- Born: Berkeley, California, U.S.
- Occupations: Economist, academic, author and researcher
- Awards: Richard Musgrave Prize, National Tax Association Fellow, Regional Science Association International Walter Isard Award, North American Regional Science Council John M. Quigley Medal, American Real Estate and Urban Economics Association Fellow, Air Transport Research Society

Academic background
- Education: University of California, Berkeley (BA) Stanford University (PhD)

Academic work
- Institutions: University of California, Irvine, 2005-present University of Illinois at Urbana-Champaign, 1976-2005
- Doctoral students: Lin Chuan

= Jan Brueckner =

American economist and university professor

Jan K. Brueckner is an American economist, academic, author and researcher. He is a Distinguished Professor of Economics at the University of California, Irvine. Brueckner has published over 150 papers. His research interests fall into areas encompassing urban economics, public economics, and real estate finance. He has also worked extensively in the field of industrial organization, focusing particularly on the economics of the airline industry. He is also the author of a textbook entitled Lectures on Urban Economics.
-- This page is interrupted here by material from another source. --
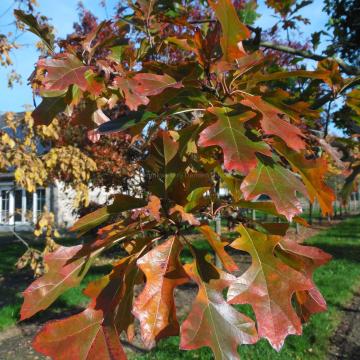 Quercus ellipsoidalis 'Hemelrijk'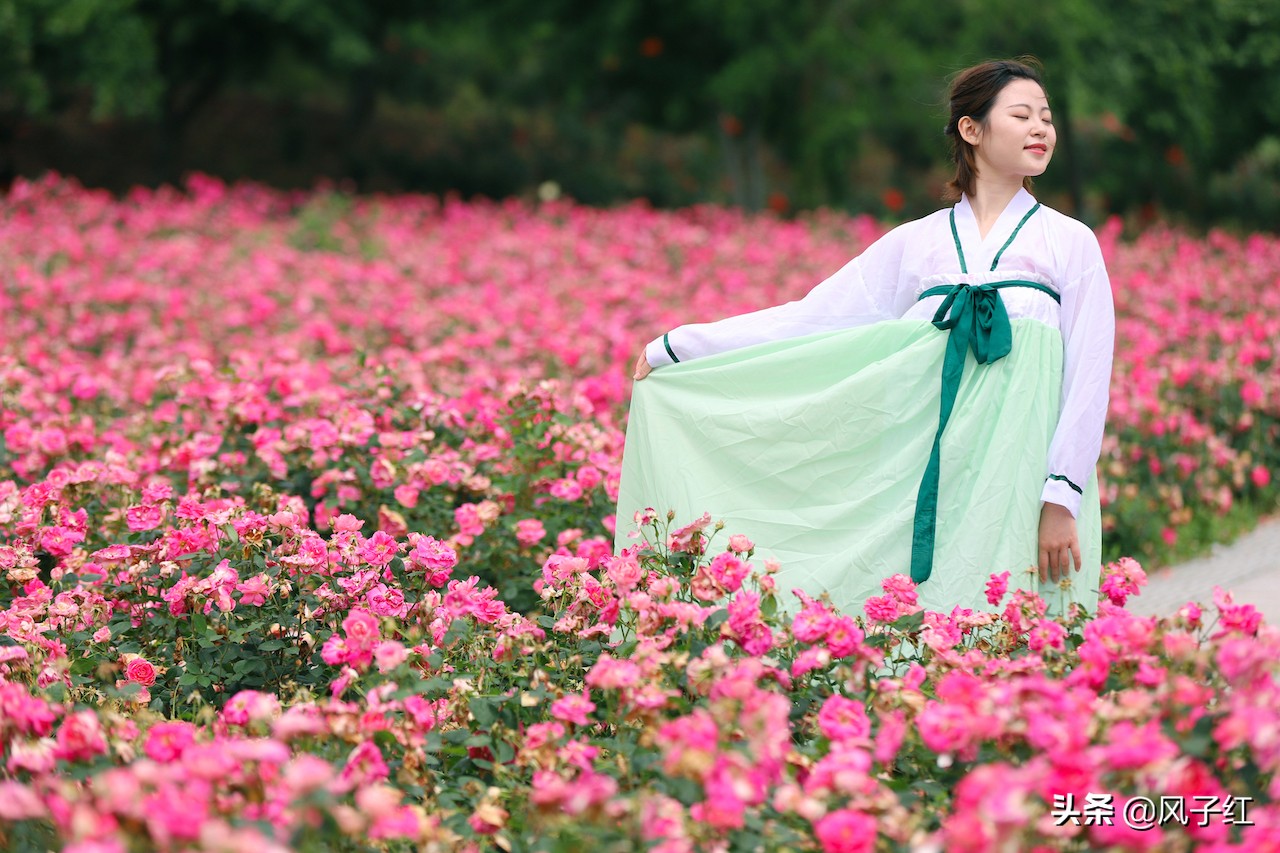 华中最大的玫瑰花园,中国最大的玫瑰花海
Brueckner is a fellow of the Regional Science Association International, and of the Air Transport Research Society. He served as editor of the Journal of Urban Economics from 1991 until 2007.

==Education==
Brueckner received his A.B. degree in economics from the University of California, Berkeley, in 1972. He then enrolled at Stanford University and earned a doctoral degree in economics in 1976.

==Career==
Following his doctoral studies, Brueckner joined the University of Illinois at Urbana-Champaign and subsequently worked there as Assistant and associate professor, before becoming a full professor in 1985. In late 1990s, he held concurrent appointments at the Institute of Government and Public Affairs, and as Distinguished Professor of Economics, before joining the University of California as a professor of economics in 2005. In 2015, he was appointed as Chancellor's Professor, and later on became a Distinguished Professor of Economics in 2018 at the University of California, Irvine.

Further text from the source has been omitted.